Klarna Bank USA Filing Seeks Direct Control Of Deposits And Payments
Klarna has filed with Utah regulators and the FDIC to establish Klarna Bank USA, an industrial bank that would bring deposits, funding, payments, lending and merchant services closer to the fintech while adding bank-level supervision.

Klarna is asking US regulators for an industrial bank charter that would bring more of its deposits, funding and payments infrastructure under the fintech’s own regulated bank, rather than leaving those functions with partner banks.
The Swedish company filed applications with the Utah Department of Financial Institutions and the Federal Deposit Insurance Corp. to establish Klarna Bank USA.
Klarna said on Monday that the proposed institution would support payments, savings, lending and merchant services.
Klarna Bank USA Filing Covers Deposits, Payments And Lending
Klarna already operates as a licensed bank in Europe, but its US banking activity still depends heavily on partner institutions.
The proposed Utah-chartered industrial bank would let Klarna take more direct responsibility for deposits, funding and payment operations under US banking regulation.
Klarna said consumer deposits represented more than 90% of its total funding, citing its latest earnings release.
That figure makes the charter bid a funding-control story as well as a payment-services application.
Those functions put the application beyond buy now, pay later credit and into regulated banking activities that fintech companies often handle through sponsor-bank relationships.

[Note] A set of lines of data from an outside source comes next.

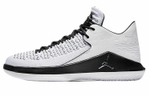 Кроссовки Jordan Air Jordan 32 Pf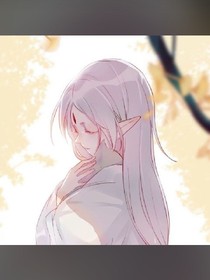 幻世者壹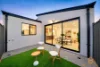6 Meerkat Road, Tarneit, Vic 3029-Image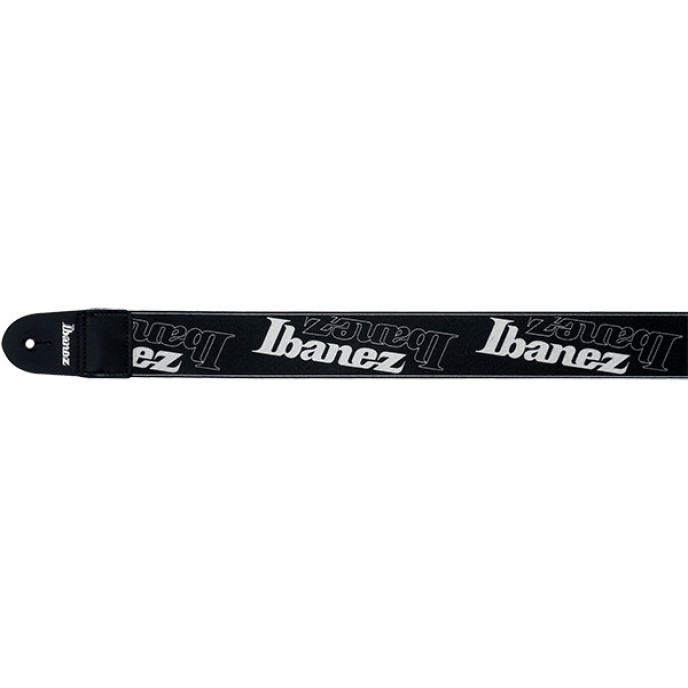 Ibanez GSD50-P6 GSD50-P6 image 2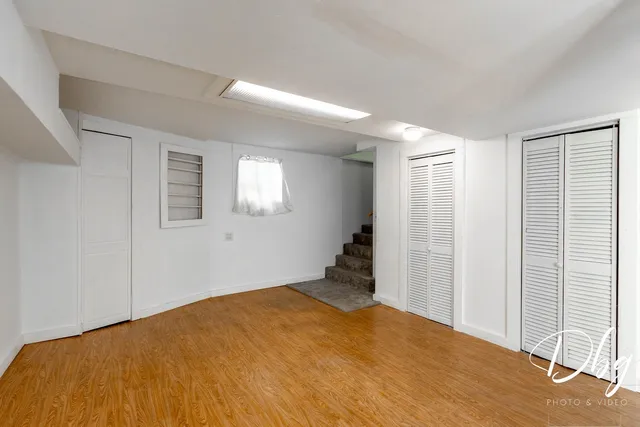 $374,900 | 25544 Blackstone Place, Lake Villa, IL 60046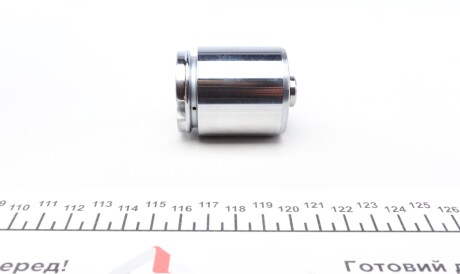 Фото 3 - Ремкомплект суппорта FRENKIT K404803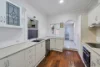 365 Carrington Street, Adelaide, SA 5000-Image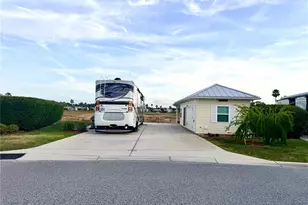 4648 SE 94th Ave, Webster, FL 33597 - Photo 1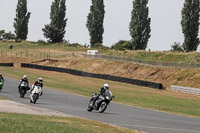 enduro-digital-images;event-digital-images;eventdigitalimages;mallory-park;mallory-park-photographs;mallory-park-trackday;mallory-park-trackday-photographs;no-limits-trackdays;peter-wileman-photography;racing-digital-images;trackday-digital-images;trackday-photos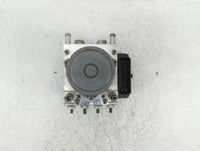 2014-2015 Buick Lacrosse ABS Pump Control Module Replacement P/N:23430008 23430470, 23321781, 23321783 Fits Fits 2014 2015 O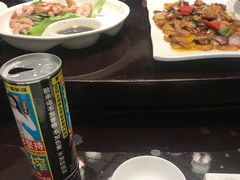 -大方圆酒楼(新颜东路店)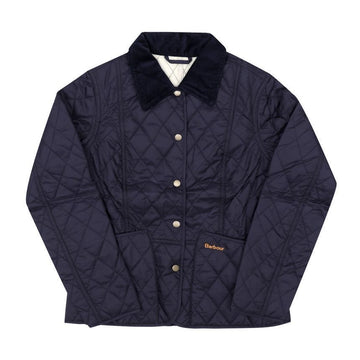 BARBOUR Damenjacke 155474423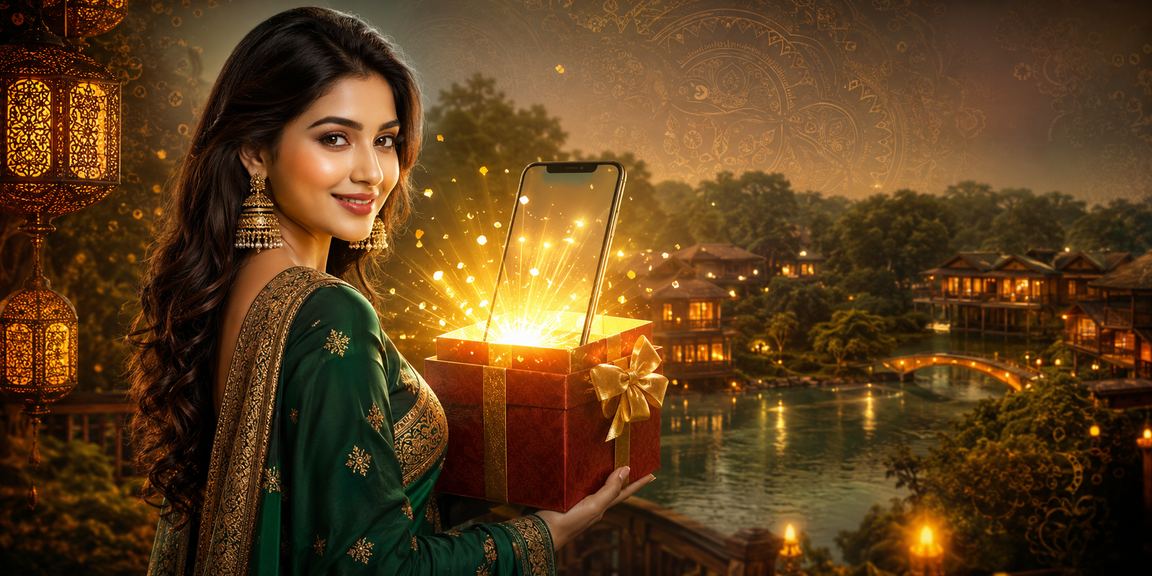 গাজীপুরে উৎসবে ba99 ডিপোজিট বোনাস উদযাপন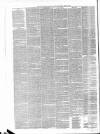 Derry Journal Saturday 25 June 1864 Page 4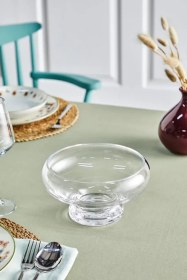 Resim Paşabahçe Ay Kase 24cm 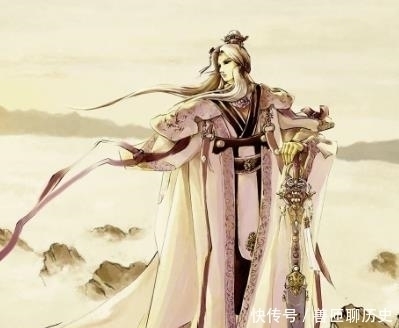 飘邈神之旅|逐浪网扛鼎大神百世经纶6大小说:修真修仙,人神大战,本本精彩!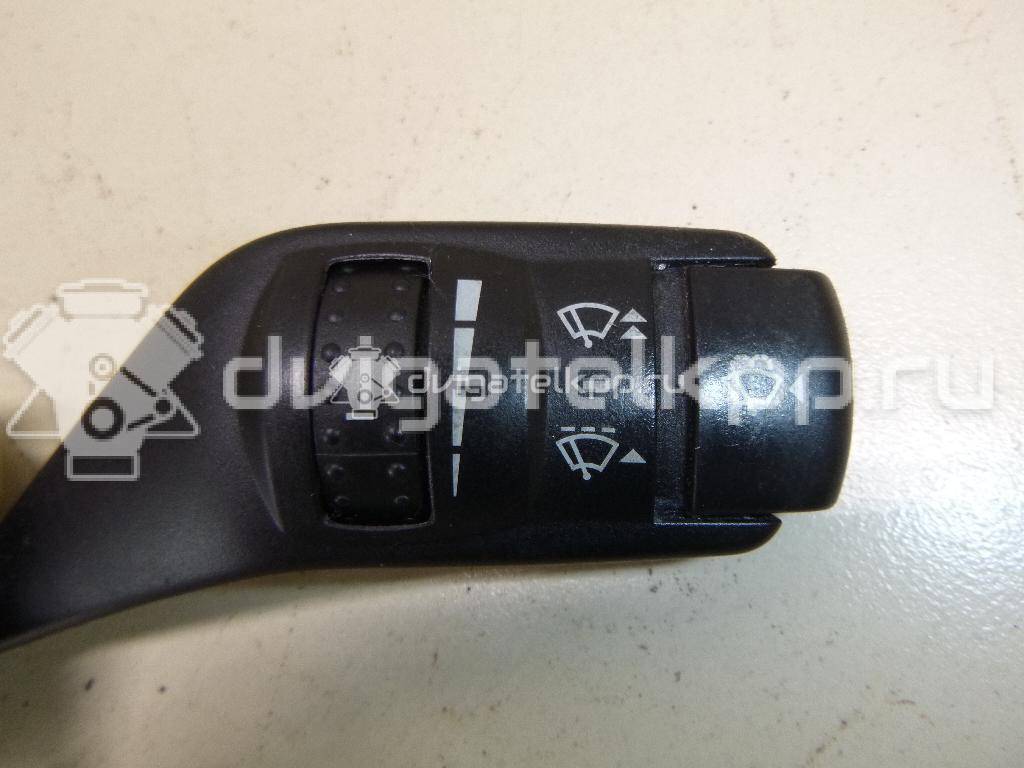 Фото Переключатель стеклоочистителей  1350067 для Ford Focus {forloop.counter}}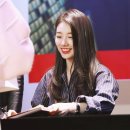 170204 티스토리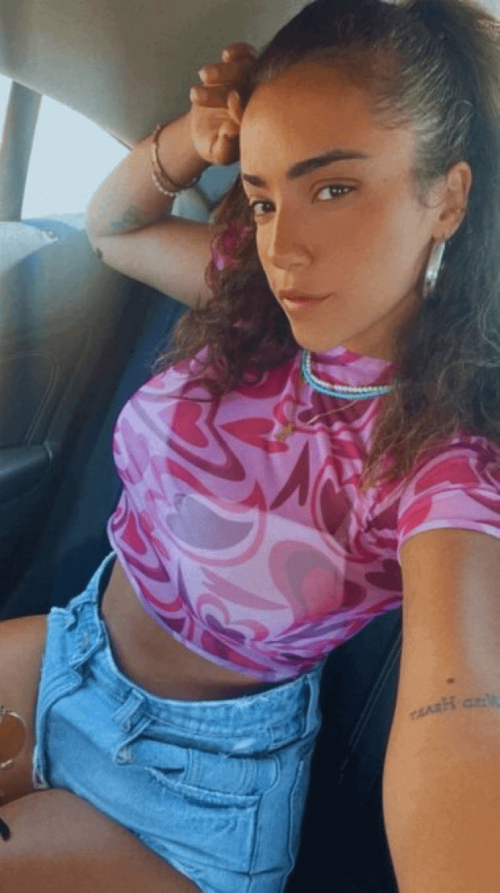 1246AB73-95EB-40E9-99AB-38856F57978B5841efb7dc9dbcb2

FDIC Insurance Would Bring Bank-Level Supervision
A licensed industrial bank can take insured deposits, originate loans, use federal payment rails and issue payment products.
The same structure can let a parent company avoid becoming a bank holding company if statutory conditions are met.
The trade-off is supervision.
The FDIC deposit-insurance process requires applicants to receive state charter approval before federal insurance is secured.
Regulators review whether an applicant has enough capital, experienced managers, workable governance, risk controls, a credible business plan, liquidity, cybersecurity, compliance systems and long-term financial viability.
The FDIC framework for industrial banks requires parent companies to accept ongoing reporting, examinations and commitments.
Later changes to business strategy, senior management or governance can require regulatory review.
Utah Industrial Bank Model Has Fintech Precedents
The charter is not untested for technology-linked finance companies.
Square Financial Services, now part of Block, uses a Utah industrial bank to serve sellers with business banking, commercial credit and payment services.
Other precedents named in the coverage include Nelnet Bank, Thrivent Bank and GM Financial.
GM Financial secured approval only after revising and refiling its application, showing that the process can require multiple rounds of regulatory review.
The timing also follows renewed attention to de novo banking charters.
Office of the Comptroller of the Currency guidance issued in June sought to give applicants more clarity about licensing standards, while federal regulators have been more willing to evaluate new applications.
Approval Timeline And Conditions Remain Undisclosed
Klarna’s filing is a bet that control over deposits, payment processing and product development is worth the added scrutiny of operating an insured bank.
It could reduce dependence on outside institutions as the company broadens beyond buy now, pay later.
The filing still has several open conditions.
Klarna has not disclosed an approval timetable, FDIC deposit-insurance conditions, final capital commitments, state charter decision date or launch date for Klarna Bank USA.